В 1783 г. императрица подарила наследнику Гатчину — мызу, принадлежавшую раньше Г. Орлову. Так начинается гатчинский период жизни будущего русского царя. Он сформировал себе военный отряд, представлявший в миниатюре все рода войск. За образец устава был взят прусский, форма тоже прусская, дисциплина строжайшая.

Далее Павел устроил в Гатчине четыре церкви разных вероисповеданий, школу и больницу. Он стал хорошо разбираться в земледелии, помогал крестьянам. Петербургский двор называл его гатчинским помещиком. По вечерам Павел при свечах составлял на будущее указы и проекты.

С 1790 г. Павел стал проявлять «приметную склонность к задумчивости». Он поднимался в 4 утра и спешил на учения, осматривал казармы. Гатчина и Павловск превратились в военный лагерь. Известия о французской революции произвели, видимо, еще один незаметный сдвиг в психике князя. Французские эмигранты рассказывали ужасы. Ростопчин писал Воронцову: «Вы увидите впоследствии, сколько вреда наделало пребывание Эстергази: он так усердно проповедовал в пользу деспотизма и необходимости править железной лозой, что государь-наследник усвоил себе эту систему и уже поступает согласно с нею. Каждый день только и слышно, что о насилиях, о мелочных придирках, которых бы постыдился всякий частный человек. Он ежеминутно воображает себе, что хотят ему досадить, что намерены осуждать его действия... Недавно велел посадить под арест четырех офицеров за то, что у них были несколько короткие косы, — причина, совершенно достаточная для того, чтобы заподозрить в них революционное направление».

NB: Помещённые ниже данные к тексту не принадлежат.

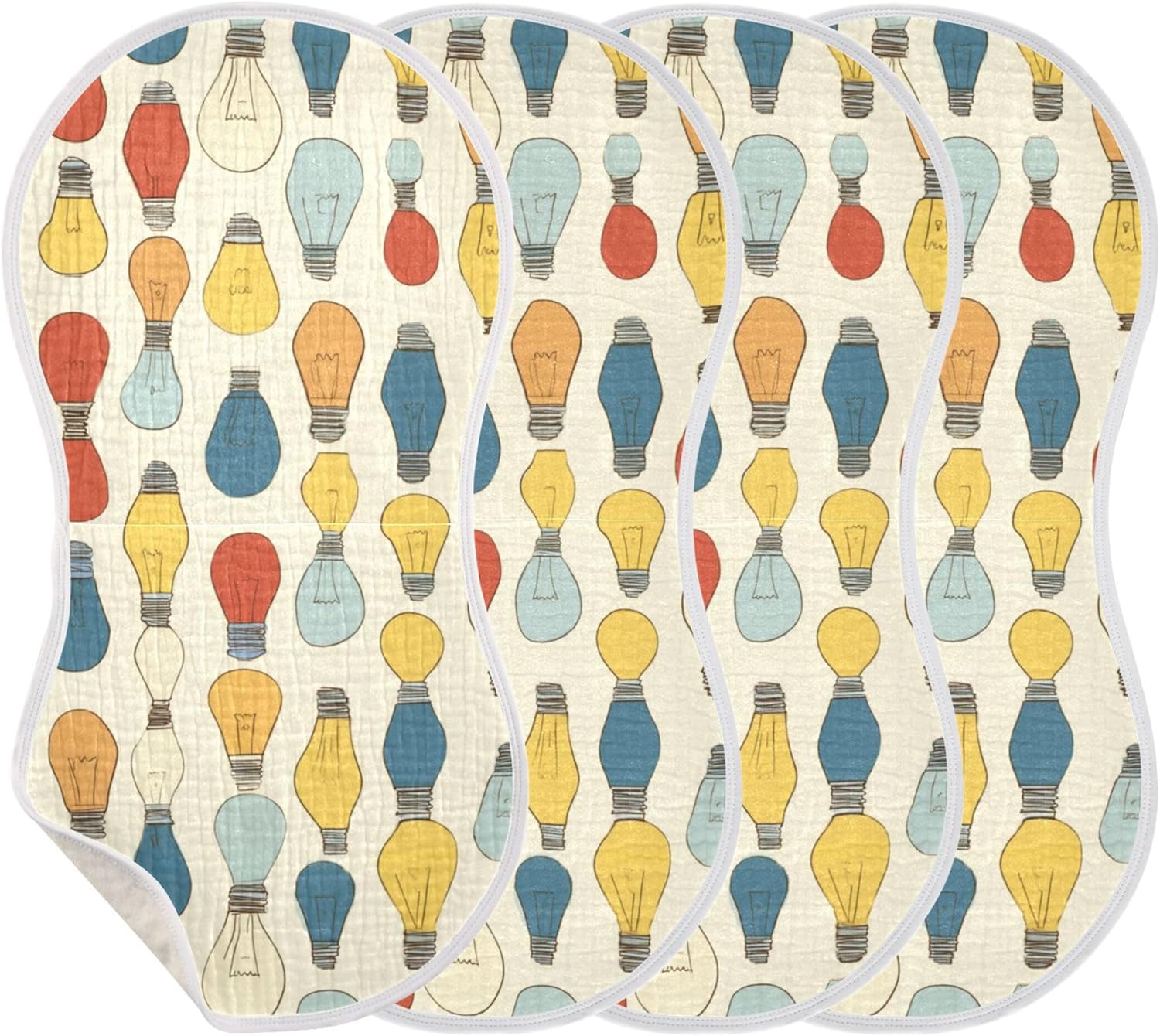Vintage Light Bulbs Burp Cloths Baby Boys Girls Absorbent Soft Cotton Burping Cloths Rags 4 Pack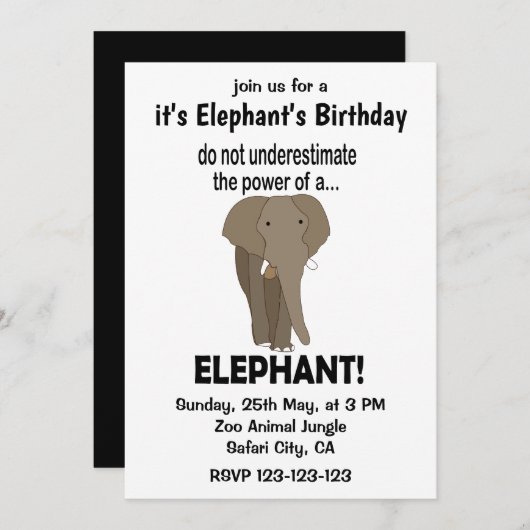 Elephant Funny Niedlich Elephant Geburtstag Einladung (Vorne/Hinten)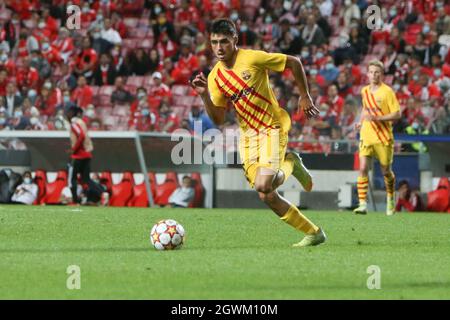 Pedri of FC Barcelone  during the UEFA Champions League, Group Stage, Group E football match between SL Benfica and FC Barcelona on September 29, 2021 at Stade de Luz, Lisbon, Portugal - Photo Laurent Lairys / DPPI Stock Photo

Екатерина II, процарствовав 34 года, умерла. В государственной системе процветала взятка, в делах неразбериха, расходы империи превышали доходы. Павел грозил навести порядок. Зимний дворец обступили будки с часовыми, залы наполнились офицерами. Страна начинала жить по-гатчински. Канцелярии, коллегии работали с пяти утра. 200 полицейских бегали по улицам и срывали с прохожих круглые шляпы, у фраков обрезали торчащие воротники, а жилеты разрывались на куски.

В 1797 г. указом наистрожайше подтверждено, чтобы никто в городе, кроме треугольных шляп и обыкновенных круглых шапок, никаких других не носил; затем позднее воспрещалось с подпиской всем, в городе находящимся, ношение фраков, жилетов, башмаков с лентами, а также «не обвертывать шеи безмерно платками, галстухами или косынками, а повязывать ее приличным образом, без излишней толстоты». В 1800 г. было обязательно для всех жителей Российской империи, как состоявших на службе, так и бывших в отставке, с каким бы то ни было мундиром, военным, морским или гражданским, носить длиннополый, прусской формы мундир, ботфорты, краги, шпагу на пояснице, шпоры с колесцами, трость почти в сажень, шляпу с широкими галунами и напудренный парик с длинной косой.